この記事では、「マイナンバーの提示を求められるケース」から「拒否できるのかどうか」「提出するときの注意点」について紹介していきますので、参考にしてください。
不動産売却でマイナンバー制度が関係するケース
不動産売却したからといって、必ずしもマイナンバーを提出しなければいけないわけではありません。

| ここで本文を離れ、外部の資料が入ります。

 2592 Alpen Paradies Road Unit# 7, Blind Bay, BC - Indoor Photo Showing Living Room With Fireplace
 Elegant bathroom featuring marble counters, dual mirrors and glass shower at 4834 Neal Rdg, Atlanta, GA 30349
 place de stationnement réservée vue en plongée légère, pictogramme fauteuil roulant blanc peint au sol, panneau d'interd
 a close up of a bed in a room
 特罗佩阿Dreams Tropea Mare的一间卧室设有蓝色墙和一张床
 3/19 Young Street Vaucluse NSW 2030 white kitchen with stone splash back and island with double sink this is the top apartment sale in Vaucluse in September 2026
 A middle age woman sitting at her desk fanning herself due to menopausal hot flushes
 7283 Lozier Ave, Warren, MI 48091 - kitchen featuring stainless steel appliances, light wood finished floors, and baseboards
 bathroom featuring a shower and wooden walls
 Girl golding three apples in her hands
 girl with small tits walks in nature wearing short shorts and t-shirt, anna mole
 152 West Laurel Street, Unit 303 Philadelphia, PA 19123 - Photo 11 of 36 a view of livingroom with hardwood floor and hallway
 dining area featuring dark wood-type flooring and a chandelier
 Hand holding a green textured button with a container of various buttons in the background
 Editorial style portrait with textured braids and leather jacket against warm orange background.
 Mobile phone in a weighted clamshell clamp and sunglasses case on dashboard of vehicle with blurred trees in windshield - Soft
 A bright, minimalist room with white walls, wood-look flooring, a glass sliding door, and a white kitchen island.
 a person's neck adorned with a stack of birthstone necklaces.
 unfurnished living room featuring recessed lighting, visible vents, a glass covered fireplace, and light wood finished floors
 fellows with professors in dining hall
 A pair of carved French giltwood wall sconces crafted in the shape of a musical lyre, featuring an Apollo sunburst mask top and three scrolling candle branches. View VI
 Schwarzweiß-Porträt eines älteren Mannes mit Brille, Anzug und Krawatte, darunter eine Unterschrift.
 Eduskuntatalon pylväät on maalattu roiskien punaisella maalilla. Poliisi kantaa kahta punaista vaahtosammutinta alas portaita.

個人から個人に売却する場合や、売主が法人の場合はマイナンバーを提示する必要はありません。
売主 | 買主 | マイナンバーの提出 |
---|---|---|
個人 | 法人または個人で不動産業を営んでいる人 | あり |
個人 | 個人 | なし |
法人 | 個人 | なし |
法人 | 法人 | なし |
個人から法人への売却であっても、売却金額が100万円を超えなければマイナンバーを提出する必要はありません。
ただし売却金額が100万円を下回るケースはほとんどないため、個人から法人へ売却した場合はマイナンバーの提出が必要と覚えておくと良いでしょう。
個人から法人へ売却するケースでよくあるのが、宅建業者に不動産を買い取ってもらう場合です。
宅建業者も法人ですので、マイナンバーの提出が求められます。
しかし今後どのような個人情報と結びつくか分からない、情報漏洩が不安という理由から「できるだけ提出したくない」という人もいると思います。
不動産を売却したときにマイナンバーの提示を拒否できるかについて、解説していきます。
不動産の売主・貸主のみなさまへ:内閣府番号制度担当室-内閣府
マイナンバーの提出を拒否することはできる?
不動産売却でマイナンバーカードの提出は、拒否できます。
マイナンバーカードの提出は任意であって、義務ではないからです。
マイナンバーを提示しなかったとしても、不動産を売ることはできますので安心してください。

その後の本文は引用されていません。